For that to work as a plan in context, the verification doesn’t have to be infallible. It just needs not to have false positives. False negatives are fine—i.e. if a good machine is rejected, that isn’t the end of the world.
You don’t seem to want to say anything about how you are so confident. Can you say something about why you don’t want to give an argument for your confidence? Is it just too obvious to bother explaining? Or is there too large an inferential distance even with LW readers?
...
Tried writing a paragraph or two of explanation, gave it up as too large a chunk. It also feels to me like I’ve explained this three or four times previously, but I can’t remember exactly where.
If anyone can find it please post! It seems to me to be contrary to Einstein’s Arrogance, so I’m interested to see why it’s not.

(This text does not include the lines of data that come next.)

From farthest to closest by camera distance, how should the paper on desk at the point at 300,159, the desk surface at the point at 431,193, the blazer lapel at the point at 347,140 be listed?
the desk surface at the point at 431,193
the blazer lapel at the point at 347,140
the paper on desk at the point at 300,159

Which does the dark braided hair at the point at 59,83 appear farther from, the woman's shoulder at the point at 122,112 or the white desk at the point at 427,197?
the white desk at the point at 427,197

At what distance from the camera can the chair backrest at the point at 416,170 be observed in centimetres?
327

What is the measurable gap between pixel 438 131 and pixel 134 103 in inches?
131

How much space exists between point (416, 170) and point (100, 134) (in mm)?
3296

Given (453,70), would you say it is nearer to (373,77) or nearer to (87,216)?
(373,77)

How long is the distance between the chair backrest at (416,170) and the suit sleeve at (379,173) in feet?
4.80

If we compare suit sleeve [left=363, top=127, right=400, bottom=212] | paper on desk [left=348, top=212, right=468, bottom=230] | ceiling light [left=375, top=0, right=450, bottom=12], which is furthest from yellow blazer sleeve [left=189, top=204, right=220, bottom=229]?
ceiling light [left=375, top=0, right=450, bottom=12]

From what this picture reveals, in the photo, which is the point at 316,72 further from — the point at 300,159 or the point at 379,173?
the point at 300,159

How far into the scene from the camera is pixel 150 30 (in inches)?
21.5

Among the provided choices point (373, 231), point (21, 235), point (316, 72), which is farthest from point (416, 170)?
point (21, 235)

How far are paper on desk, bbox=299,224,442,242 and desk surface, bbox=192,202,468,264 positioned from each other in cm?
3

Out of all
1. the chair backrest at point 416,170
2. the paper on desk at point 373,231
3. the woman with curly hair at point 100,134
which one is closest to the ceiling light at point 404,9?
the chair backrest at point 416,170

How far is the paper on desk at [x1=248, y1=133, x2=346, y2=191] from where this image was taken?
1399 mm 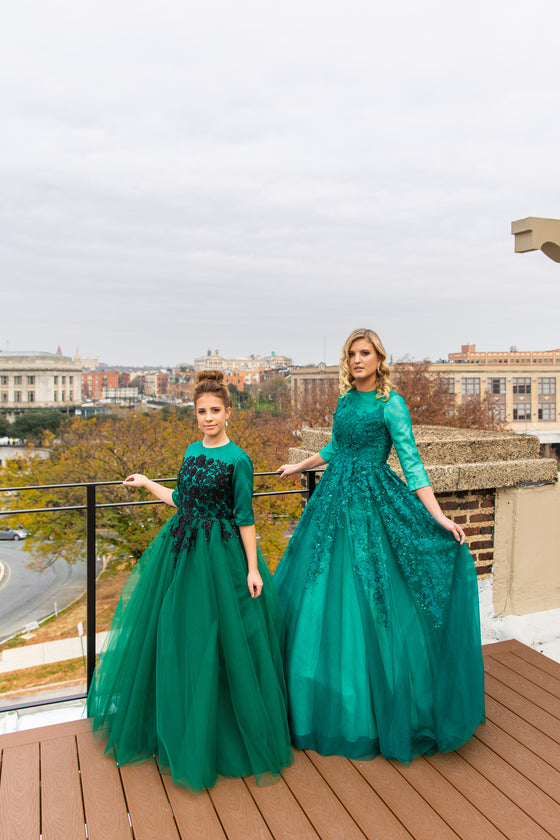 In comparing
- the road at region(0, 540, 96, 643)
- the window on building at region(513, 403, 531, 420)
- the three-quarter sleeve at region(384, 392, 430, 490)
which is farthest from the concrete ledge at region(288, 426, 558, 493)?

I think I understand basically your objections, at least in outline. I think there is some significant epistemic probability that they are wrong, but even if they are correct I don’t think it at all rules out the possibility that a boxed unfriendly AI can give you a really friendly AI. My most recent post takes the first steps towards doing this in a way that you might believe.
I’m not sure this is what D_Alex meant however a generous interpretation of ‘unknown friendliness’ could be that confidence in the friendliness of the AI is less than considered necessary. For example if there is an 80% chance that the unknown AI is friendly and b) and c) are both counter-factually assumed to true....
(Obviously the ’80%′ necessary could be different depending on how much of the uncertainty is due to pessimism regarding possible limits of your own judgement and also on your level of desperation at the time...)
The comment of Eliezer’s does not seem to be mentioning the obvious difficulties with c) at all. In fact in the very part you choose to quote...
… it is b) that is implicitly the weakest link, with some potential deprecation of a) as well. c) is outright excluded from hypothetical consideration.